DUH! NO SHIT. The point you have missed (because you are too busy trying to attack me personally) is that way more people are paying than were pirating. The decrease in pirating isn't anywhere near the increase in paying customers. So where did the customers come from?
The decrease in piracy is actually pretty consistent with reductions around the world. It's almost certain that some became paying customers, but the number of paying customers largely exceeds any decrease in piracy. It's not a one to one trade. So why?
So put down the old pre-whacked dead horses and actually think about it. I know it's hard, life with nothing but stereotypes and piracy jingoism is easy. But actually thinking moves you away from your comfortable spot and actually helps you to grow. It's for your own good, grandpa.

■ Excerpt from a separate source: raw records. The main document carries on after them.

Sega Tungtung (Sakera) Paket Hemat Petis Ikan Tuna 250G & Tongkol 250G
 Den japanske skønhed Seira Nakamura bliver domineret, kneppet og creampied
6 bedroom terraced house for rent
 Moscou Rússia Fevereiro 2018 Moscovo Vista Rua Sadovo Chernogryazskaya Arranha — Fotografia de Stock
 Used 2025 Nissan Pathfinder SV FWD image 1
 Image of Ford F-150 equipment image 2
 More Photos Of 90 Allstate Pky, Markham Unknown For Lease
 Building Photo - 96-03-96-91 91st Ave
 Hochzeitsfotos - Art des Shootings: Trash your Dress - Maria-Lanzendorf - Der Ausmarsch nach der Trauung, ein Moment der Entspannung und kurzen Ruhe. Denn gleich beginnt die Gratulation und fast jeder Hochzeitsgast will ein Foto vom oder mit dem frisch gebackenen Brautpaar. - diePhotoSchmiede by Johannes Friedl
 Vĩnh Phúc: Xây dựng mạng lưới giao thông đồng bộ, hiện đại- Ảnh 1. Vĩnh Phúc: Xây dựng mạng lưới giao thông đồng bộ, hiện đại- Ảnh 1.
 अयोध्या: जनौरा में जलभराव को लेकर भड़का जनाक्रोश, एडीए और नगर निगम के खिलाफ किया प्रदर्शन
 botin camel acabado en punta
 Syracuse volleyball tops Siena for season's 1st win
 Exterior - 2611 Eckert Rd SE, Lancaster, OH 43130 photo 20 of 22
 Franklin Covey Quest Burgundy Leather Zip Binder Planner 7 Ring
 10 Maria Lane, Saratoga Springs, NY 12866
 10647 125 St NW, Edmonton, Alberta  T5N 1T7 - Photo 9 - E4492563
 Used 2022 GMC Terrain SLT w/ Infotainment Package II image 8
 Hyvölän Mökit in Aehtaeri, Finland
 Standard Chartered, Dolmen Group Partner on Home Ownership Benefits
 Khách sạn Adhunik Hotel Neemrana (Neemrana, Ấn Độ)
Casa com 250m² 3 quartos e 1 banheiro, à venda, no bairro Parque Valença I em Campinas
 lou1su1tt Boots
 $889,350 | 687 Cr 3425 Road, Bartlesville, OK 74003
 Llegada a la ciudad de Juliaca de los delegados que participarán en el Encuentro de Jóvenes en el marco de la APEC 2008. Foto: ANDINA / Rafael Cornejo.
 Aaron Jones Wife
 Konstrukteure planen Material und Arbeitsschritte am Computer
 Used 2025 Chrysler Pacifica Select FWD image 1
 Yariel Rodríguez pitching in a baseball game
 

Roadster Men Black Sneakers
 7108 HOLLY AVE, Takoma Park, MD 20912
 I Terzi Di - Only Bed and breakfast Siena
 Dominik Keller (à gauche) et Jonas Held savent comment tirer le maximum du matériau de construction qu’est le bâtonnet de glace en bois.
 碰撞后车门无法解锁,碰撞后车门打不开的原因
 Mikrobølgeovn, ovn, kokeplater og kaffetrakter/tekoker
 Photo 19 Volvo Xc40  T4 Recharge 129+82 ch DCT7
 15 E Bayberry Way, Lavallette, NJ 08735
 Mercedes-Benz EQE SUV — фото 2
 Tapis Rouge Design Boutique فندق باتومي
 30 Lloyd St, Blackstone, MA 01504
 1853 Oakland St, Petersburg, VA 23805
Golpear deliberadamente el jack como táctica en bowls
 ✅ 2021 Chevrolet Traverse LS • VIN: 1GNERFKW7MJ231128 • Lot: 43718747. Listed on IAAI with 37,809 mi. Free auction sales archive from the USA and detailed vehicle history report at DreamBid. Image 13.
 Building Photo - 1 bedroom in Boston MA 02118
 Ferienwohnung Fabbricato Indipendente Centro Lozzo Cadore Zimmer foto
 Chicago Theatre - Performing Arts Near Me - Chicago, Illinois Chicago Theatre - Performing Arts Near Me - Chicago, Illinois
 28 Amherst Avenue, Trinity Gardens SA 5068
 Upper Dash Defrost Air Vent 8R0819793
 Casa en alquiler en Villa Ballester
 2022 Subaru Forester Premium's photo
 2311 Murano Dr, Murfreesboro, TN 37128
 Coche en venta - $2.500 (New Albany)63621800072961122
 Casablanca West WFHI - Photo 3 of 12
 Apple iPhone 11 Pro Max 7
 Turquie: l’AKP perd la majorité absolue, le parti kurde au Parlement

[ link to this | view in thread ]
Re: Re: Re: Re: Re: Re: Re:
You are truly pathetic.
The reality is not hard to understand, if you apply some of the limited brain power you possess into understanding the real world rather than coming up with silly names and new realities to allow you to escape what's really happening.
To put it quite simply - this is not a zero sum game. Some people subscribe to multiple services, some don't. Some both purchase and rent, some only stream rentals. Many people both pirate and pay, in various combinations. Some people have never pirated, but will happily pay for the legal options now they exist.
As usual, you're attacking an argument nobody else is addressing. Nobody but you seems to have expected a one to one trade between legal options and piracy. That's something you've apparently made up from whole cloth. What has been argued in the past is that you can't "compete with free", and the success of Netflix and other services handily disproves that. Any lower revenues are the result of a natural consumer-driven shift from a purchase to a rental model, and that's just the reality of the marketplace that exists in the current day. Nobody's going to pay purchase prices for a rental, no matter how much you whine.
But, hey, if you want to lie about me personally just to get some cheap shots in while you proudly display your ignorance, go for it. Anyone reading your tiresome crap will know who is actually addressing reality and who is a pathetic contrarian troll, and they know you are on the wrong side of that coin.
[ link to this | view in thread ]
Re: Re: Re: Re: Re: Re: Re: Re:
As usual, you're attacking an argument nobody else is addressing.
This is coming from the guy who expects to find his remarks in comment threads via search engines like Google.
Making arguments nobody else has brought up or addressed is MyNameHere's bread and butter. It's the passive-aggressive love letter to average joe/antidirt's "y u no debate me masnick, diaf".
[ link to this | view in thread ]
Re: Re: Re: Re: Re: Re: Re: Re: Re:
It's silly that we have to introduce honesty into every argument, but when you have someone seriously complaining that people don't pay the same for a Netflix sub as they would have done to buy every title they watch outright on DVD, you have to make sure they look as ridiculous as they are.